Our exploratory data analysis on this dataset can be found here.

Framing the Problem

We will build a classification model to predict the rating of a recipe as there appears to be correlation between ‘rating’ and other features such as ‘cooking_time’ and ‘number_of_ingredients’ based on our past bivariate analysis. This will be a multi-class prediction problem, not a binary one since there are 5 different ratings possible.

Baseline Model

As we can see, there is huge drop in Testing Precision, meaning it does not generalize well in reducing incorrect predictions, specifcally reducing false negatives.

Final Model

To start, we tried Boosting and the Decision Tree Classifiers, but with hyperparameter selection through GridSearch, not only did the code take so long that the DataHub and Local kernels died, but also when we tried on a small subset of hyperparameters, both of them ended up overfitting, a commmon tendency among the two models. Due to this, we decided to use random forest, since it works way better with imbalanced data and preventing overfitting.

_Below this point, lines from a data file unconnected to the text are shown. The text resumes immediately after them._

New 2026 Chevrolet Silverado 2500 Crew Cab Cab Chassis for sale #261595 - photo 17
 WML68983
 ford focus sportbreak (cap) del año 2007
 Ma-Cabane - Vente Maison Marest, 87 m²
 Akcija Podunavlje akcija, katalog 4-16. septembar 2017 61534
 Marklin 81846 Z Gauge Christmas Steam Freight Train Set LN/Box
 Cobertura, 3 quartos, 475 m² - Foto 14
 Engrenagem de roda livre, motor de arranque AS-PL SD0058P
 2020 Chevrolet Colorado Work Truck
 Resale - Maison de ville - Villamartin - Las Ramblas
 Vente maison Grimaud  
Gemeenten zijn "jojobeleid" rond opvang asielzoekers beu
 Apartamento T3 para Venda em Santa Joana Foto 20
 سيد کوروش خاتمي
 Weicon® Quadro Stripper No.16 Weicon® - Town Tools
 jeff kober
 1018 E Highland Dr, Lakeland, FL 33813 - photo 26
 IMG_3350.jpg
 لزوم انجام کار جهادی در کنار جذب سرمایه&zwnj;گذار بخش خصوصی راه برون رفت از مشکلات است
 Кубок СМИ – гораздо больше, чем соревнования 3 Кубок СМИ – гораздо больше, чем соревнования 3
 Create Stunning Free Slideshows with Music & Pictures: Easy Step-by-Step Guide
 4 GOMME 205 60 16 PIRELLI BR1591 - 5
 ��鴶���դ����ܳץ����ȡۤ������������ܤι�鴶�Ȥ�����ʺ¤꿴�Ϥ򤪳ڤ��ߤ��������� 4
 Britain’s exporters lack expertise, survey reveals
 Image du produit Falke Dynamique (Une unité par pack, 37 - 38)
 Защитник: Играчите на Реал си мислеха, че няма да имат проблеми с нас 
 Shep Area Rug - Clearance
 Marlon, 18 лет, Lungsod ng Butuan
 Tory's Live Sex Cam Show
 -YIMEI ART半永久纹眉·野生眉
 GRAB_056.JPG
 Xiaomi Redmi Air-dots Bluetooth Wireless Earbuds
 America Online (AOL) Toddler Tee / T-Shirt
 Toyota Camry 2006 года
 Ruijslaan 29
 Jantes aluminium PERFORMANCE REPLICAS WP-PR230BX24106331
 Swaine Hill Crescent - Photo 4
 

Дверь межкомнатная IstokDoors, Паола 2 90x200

Recall from DSC40A that we can only fit a model better when adding more features, thus these new features could only improve the generalization of our final model to unseen data. The added features likely improved our model because of a few reasons.

Baseline Model

  | Metric   | Train Score       | Test Score         |
  | -------- | ----------------- | ------------------ |
  | Precision| 0.7380132710957437| 0.6400513158165287 |
  | F1 Score | 0.682863116045603 | 0.6758132713416671 |

Final Model

  | Metric   | Train Score       | Test Score         |
  | -------- | ----------------- | ------------------ |
  | Precision| 0.780132710957437 | 0.7600513158165287 |
  | F1 Score | 0.752863116045603 | 0.723137606754733  |

Fairness Analysis

We ask the question, “does our final model perform better for recipes of 5 star reviews than it does for recipes of all other ratings? To explore this question, we will run a permutation test where we shuffle the ratings of group X, 5 stars, and group Y, 4 stars and below. Our evaluation metric will accuracy because we want to get an idea of the TP + TN out of the entire predictions, and our hypotheses are as follows:

After looking at the distribution and where the observed statistic lied, we saw that the result was statistically signifcant with a p-value 0.0, less than 0.01 (our significance level), thus we reject the null hypothesis. This suggests our model is not fair, as it appears stastically biased towards the 5 star rating.